I was glad that Neil Harding expressed some appreciation for my analysis of Lenin's 1914-15 Hegel Notebooks. Unfortunately, Harding downplays their importance, arguing that they are "undigested notebooks" which do not express a "distinctive philosophical position."

I do not think that Harding's critique holds if one carries out a close reading of Lenin's Notebooks. There, Lenin critiques what he called Plekhanov's "vulgar materialism," and he appropriates critically some core Hegelian categories such as self-movement, subjectivity, and the creativity of cognition (see for example Lenin's statement that "cognition not only reflects the world but creates it" -- COLLECTED WORKS, Vol. 38, p. 212). Contra Harding, I think it is clear that Lenin was indeed developing a new set of dialectical concepts in 1914-15. These new concepts can be found neither in his pre-1914 writings nor in those of Lenin's contemporaries such as Trotsky, Luxemburg, and Bukharin.
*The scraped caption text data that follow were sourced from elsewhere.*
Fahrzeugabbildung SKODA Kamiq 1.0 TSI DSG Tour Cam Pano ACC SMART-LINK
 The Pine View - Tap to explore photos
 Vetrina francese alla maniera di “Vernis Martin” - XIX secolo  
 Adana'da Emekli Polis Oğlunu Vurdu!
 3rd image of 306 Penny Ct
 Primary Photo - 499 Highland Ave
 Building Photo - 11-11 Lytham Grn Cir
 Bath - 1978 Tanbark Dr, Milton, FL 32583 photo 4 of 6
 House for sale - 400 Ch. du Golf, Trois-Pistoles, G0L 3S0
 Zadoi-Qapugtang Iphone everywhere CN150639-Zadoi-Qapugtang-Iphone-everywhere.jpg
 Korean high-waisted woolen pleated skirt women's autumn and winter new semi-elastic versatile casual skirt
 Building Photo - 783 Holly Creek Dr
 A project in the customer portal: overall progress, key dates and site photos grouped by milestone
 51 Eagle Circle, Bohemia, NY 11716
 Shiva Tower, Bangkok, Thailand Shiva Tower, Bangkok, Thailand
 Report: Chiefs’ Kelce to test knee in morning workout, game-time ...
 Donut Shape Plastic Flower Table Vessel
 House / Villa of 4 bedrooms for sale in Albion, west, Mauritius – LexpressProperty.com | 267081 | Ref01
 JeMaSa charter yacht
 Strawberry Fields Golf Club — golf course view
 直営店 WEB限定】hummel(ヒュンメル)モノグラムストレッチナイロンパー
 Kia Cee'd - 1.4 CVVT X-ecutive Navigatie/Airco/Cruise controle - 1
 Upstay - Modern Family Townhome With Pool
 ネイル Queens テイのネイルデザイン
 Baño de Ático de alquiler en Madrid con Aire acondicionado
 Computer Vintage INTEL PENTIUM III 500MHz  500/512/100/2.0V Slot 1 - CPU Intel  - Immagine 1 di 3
The review by Michael Lowy shows the clearest grasp of the issues I tried to address. I agree with his view that my discussion of the relationship of Lenin's Hegel Notebooks to the April Theses, a subject on which Lowy has written, may have been too truncated.

Lowy also comments on my treatment of the discussions of the Notebooks by philosophers such as Lukacs, Lefebvre, Althusser, and especially Dunayevskaya, who was the first to have pointed to the sharp divergence between them and Lenin's earlier MATERIALISM AND EMPIRIO-CRITICISM. Althusser, and even Lukacs, not to speak of the Stalinist ideologues, labored to deny this divergence, something which has contributed, far more than is generally realized, to the disorientation of 20th century Marxism.

Today, as we mark the 80th anniversary of the Russian Revolution, we need, in the teeth of hostile bourgeois critiques, to stress the world-shaking achievements of that Revolution: the uprooting of Tsarism, the establishment of soviet power, the support of national liberation movements from Ireland to India. We also have to face its limitations, especially the establishment of a single party state.

In addition, we need to celebrate the fact that the Russian Revolution's principal leader, Lenin, was the first Marxist after Marx to place the dialectic back where it belonged, at the center of Marxist theory. This included his call in 1922, not long before his death, for us to become "materialist friends of the Hegelian dialectic." That call is still timely today.